Two-Year-Old Boy Undergoing Experimental Treatment For Niemann-Pick Type C, Also Called Childhood Alzheimer’sC. Dixon
Karson “K.J.” Ross is a toddler who is fighting for his life. The two-year-old has an incredibly rare genetic disease called Niemann-Pick Type C, also known as Childhood Alzheimer’s.
In the fall of 2017, during K.J.’s 9-month well visit, his pediatrician found that the little boy’s spleen was enlarged. That kicked off nearly a year of different tests to rule out cancer and other diseases — 67 tests in all.
On August 22, 2018, K.J.’s family was told he had Niemann-Pick Type C (NPC).
According to Times Reporter in Ohio, where the family lives, K.J. is small for his age, weighing 21 pounds and standing just over 2 feet tall.
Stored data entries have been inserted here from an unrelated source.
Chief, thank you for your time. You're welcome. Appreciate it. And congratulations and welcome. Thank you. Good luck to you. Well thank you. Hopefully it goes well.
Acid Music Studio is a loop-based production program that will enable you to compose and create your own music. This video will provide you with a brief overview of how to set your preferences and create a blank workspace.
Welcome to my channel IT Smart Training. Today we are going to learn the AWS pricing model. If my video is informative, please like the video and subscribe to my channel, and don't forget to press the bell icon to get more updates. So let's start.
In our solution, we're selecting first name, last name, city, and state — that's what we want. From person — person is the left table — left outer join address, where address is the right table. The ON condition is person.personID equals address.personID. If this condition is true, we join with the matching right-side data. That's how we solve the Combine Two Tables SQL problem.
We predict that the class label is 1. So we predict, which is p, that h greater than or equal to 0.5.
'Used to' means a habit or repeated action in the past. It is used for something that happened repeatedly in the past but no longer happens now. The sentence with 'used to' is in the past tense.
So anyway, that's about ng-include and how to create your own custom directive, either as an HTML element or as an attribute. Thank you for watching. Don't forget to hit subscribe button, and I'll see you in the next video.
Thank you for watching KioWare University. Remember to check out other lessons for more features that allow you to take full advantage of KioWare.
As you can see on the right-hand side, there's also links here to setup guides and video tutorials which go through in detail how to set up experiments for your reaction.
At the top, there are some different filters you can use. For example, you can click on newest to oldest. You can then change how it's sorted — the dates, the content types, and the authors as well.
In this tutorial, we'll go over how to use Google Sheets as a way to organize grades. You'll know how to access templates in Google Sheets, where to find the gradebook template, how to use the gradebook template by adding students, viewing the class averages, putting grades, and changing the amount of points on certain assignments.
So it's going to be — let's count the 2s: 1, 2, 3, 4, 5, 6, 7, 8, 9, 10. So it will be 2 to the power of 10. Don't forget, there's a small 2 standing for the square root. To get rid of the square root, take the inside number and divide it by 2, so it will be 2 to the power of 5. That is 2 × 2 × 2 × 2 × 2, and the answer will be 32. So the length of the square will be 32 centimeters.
He can say one word: “Dad.” He has two older siblings: Matthew Ross Jr., a first grader, and Jazminn, a fifth-grader. They’ve given K.J. the nickname “Beanie.”
The family is doing all they can for their youngest member.
It may seem like K.J.’s diagnosis took a terribly long time, and that’s true — but, unfortunately, it’s common for NPC diagnoses to take a while. In fact, many families can spend several years trying to get a diagnosis before it’s finally narrowed down to NPC.
The disease can be difficult to diagnose because it is so rare; worldwide, there are only 500 cases diagnosed every year. It also presents with a variety of symptoms, and early on in the disease, only one or two symptoms can be present.
Symptoms can begin when a child is only a few months old, or not appear until early adulthood — although in most cases, neurological symptoms appear between ages 4 and 10.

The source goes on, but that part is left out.